Question

You are 20 years old and have completed your BBA and want to pursue further education but you don’t want to take money from your father. Your plan is to start working and earn enough money so that you can finance your degree on your own and get yourself enrolled in five years’ time. You estimate that the annual cost of doing an MBA 5 years from today will be PKR 400,000 and the program will be two years long. You will need the money at the beginning your program so that you are not worried about how to clear your dues during your studies. Luckily you go for a job interview and they hire you and you start working at a salary of PKR 25,000. So you decide that 50% you will deposit in a saving account at a 10% rate with monthly compounding for your further studies and the remaining amount you will use for your daily expenses.

1. Will you be able to meet your goal at this current saving rate?
2. What percentage of your salary should you save if you want to have exactly your university expenses amount?
3. How would your answer to part 1 change if the saving account rate changed to 5%? Comment on your answer.

      4. If you are given an option to invest at the 10% saving rate with monthly compounding or 10.5% semiannual compounding, which would you chose?
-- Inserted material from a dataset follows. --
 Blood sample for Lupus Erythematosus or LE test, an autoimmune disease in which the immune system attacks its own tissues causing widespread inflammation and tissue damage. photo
Explain your answer.

Important note: *kindly do make sure that you have read the question properly because there is a confusion in question regarding Its 2 years MBA or 5 years MBA. The calculation is based on the time period of MBA program*.

Answer 1

Salary = 25000/month

Amount deposited in savings (P) = 12500/month

rate of interest (r) = 10% = 10/100 = 0.1

n = 12 (since interest compounded monthly)

t = 5 years

The maturity value of the total investment after 5 years (60 months) given below -

[{P*(1+r/n)^(nt)} - P]/(r/n)

= [12500*{(1+.1/12)^(12*5)} - 12500]/ (.1/12

= [{12500*(1.008)^60} - 12500]/.008

=(20162.39- 12500)/.008 = 957798

Total maturity after 5 years = 957798 which is greater than 400000. Therefore, his goal will be achieved.

Now to have exact amount of A1 = 400000 after 5 years, let us assume he deposits P1 evry month.

Therefore, we now have -

A1 = {P1*(1+r/n)^(nt) - P1}/(r/n)

or, 400000 = [P1*{(1+.1/12)^(12*5)} - P1]/(.1/12)
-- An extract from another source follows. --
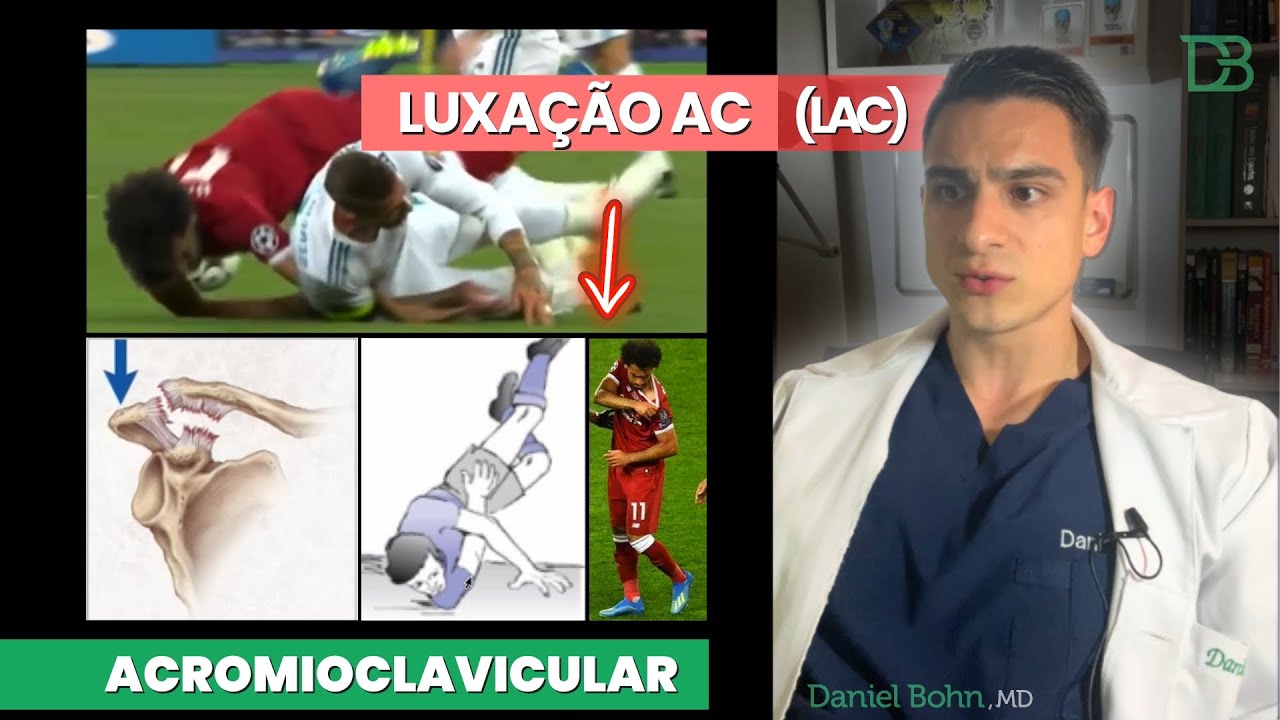 LUXAÇÃO ACROMIOCLAVICULAR (LAC) #ANATOMIA | Daniel Bohn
or, 400000 = (P1*1.61 - P1)/.008

or, 400000 = (0.61*P1)/.008

or, P1 = (400000*.008)/.61

or, P1 = 5246.

Therefore, if he deposits 5246 (or (5246/25000)% = 21%), he will be able to exactly meet university expenses.
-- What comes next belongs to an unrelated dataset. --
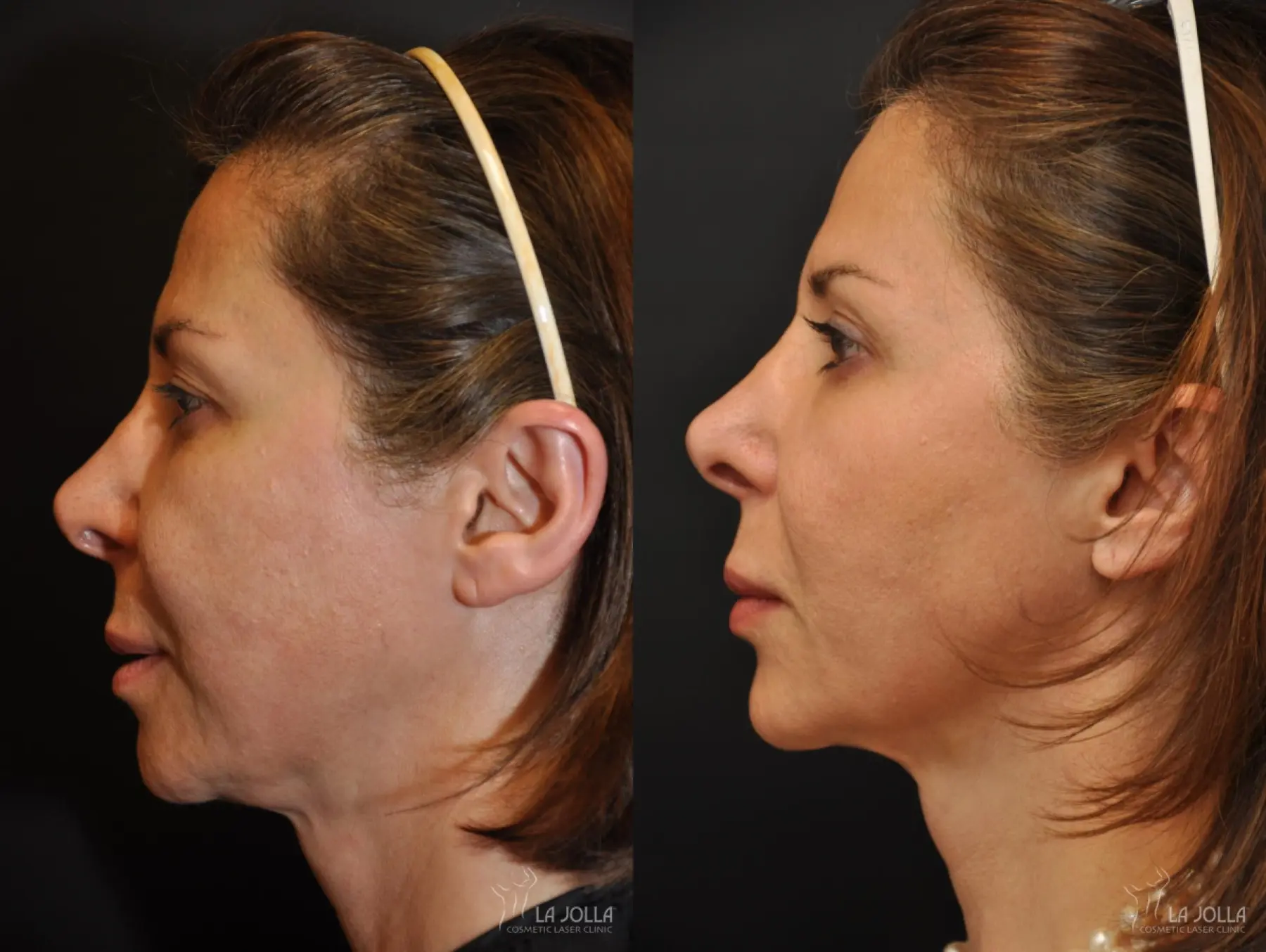 Ultherapy®: Patient 4 - Before and After 1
Now if savings rate changes to 5% in 1st part we have -

= [12500*{(1+.05/12)^(12*5)} - 12500]/ (.05/12)

= [{12500*1.28} - 12500]/.004

=(16042- 12500)/.004 = 850076

If rate changes to 5%, he will be still able to generate savings more than university expenses, although the total maturity will get lowered.

Now, if we have 10.5% semi annual compounding we get P = 12500*6 = 75000

= [75000*{(1+.105/2)^(2*5)} - 75000]/ (.105/2)

= 50107.2/.0525

=954423

10% monthly compounding generates 957798 in 5 years.

10.5% semiannual compounding generates 954423.in 5 years which is less.

I would choose the 1st option of 10% monthly compounding.